The plasmid-mediated AmpC-producing strains was only 2.6% (12 of 464 isolates) in 2005, but the proportion of plasmid-mediated AmpC-producing strains significantly increased (p<0.001) to 9.3% (62 of 667 isolates) in 2006.
The distribution of genotypes in plasmid-mediated AmpC β-lactamase isolates
Among the 74 plasmid-mediated AmpC-producing strains, the DHA-1 β-lactamase was harbored by 69 (93.2%) of the isolates. One hundred percent (64/64) of K. pneumonia and 50% (5/10) of E. coli plasmid-mediated AmpC-producing strains were with DHA-1. Strains of blaCMY-2 were detected in five isolates (6.8%), which were all from E. coli.

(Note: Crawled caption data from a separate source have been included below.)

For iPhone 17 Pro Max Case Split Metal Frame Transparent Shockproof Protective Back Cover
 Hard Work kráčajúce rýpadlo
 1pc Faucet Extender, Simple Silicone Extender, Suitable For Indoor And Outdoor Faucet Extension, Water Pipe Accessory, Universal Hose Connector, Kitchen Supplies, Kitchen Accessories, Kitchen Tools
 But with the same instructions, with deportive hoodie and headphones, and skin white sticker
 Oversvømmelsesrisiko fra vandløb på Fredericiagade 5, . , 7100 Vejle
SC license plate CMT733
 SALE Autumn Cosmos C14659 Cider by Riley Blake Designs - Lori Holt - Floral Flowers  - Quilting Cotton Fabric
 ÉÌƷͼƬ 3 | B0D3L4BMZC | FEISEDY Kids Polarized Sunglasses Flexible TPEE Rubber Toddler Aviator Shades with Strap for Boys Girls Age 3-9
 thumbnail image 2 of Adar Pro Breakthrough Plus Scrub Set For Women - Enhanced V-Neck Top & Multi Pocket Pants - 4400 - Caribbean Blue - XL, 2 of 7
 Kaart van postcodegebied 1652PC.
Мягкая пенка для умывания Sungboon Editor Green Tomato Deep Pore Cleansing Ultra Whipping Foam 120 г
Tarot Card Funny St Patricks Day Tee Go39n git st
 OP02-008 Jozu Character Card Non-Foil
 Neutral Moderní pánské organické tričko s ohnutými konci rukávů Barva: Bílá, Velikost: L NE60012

Four strains of blaCMY-2 were isolated from Chongqing in a different year. Eighteen of the 74 AmpC-producing K. pneumoniae and E. coli isolates (24.3%) co-carried with ESBL genes. In addition, TEM, SHV, CTX-M-9, and CTX-M-1 were found in 12, three, five, and one isolates of that AmpC-producing K. pneumoniae, respectively. The DHA-1(+) plus TEM(+) strain was the most predominant (accounting for 33.3% (6/18) of co-carrying strains), with the next common being the DHA-1(+) plus TEM(+) and CTX-M-9(+) strain (22.2%, 4/18). Only three plasmid-mediated AmpC-producing strains coproduced ESBL enzymes in E. coli, and all of them were co-carried with CTX-M and TEM.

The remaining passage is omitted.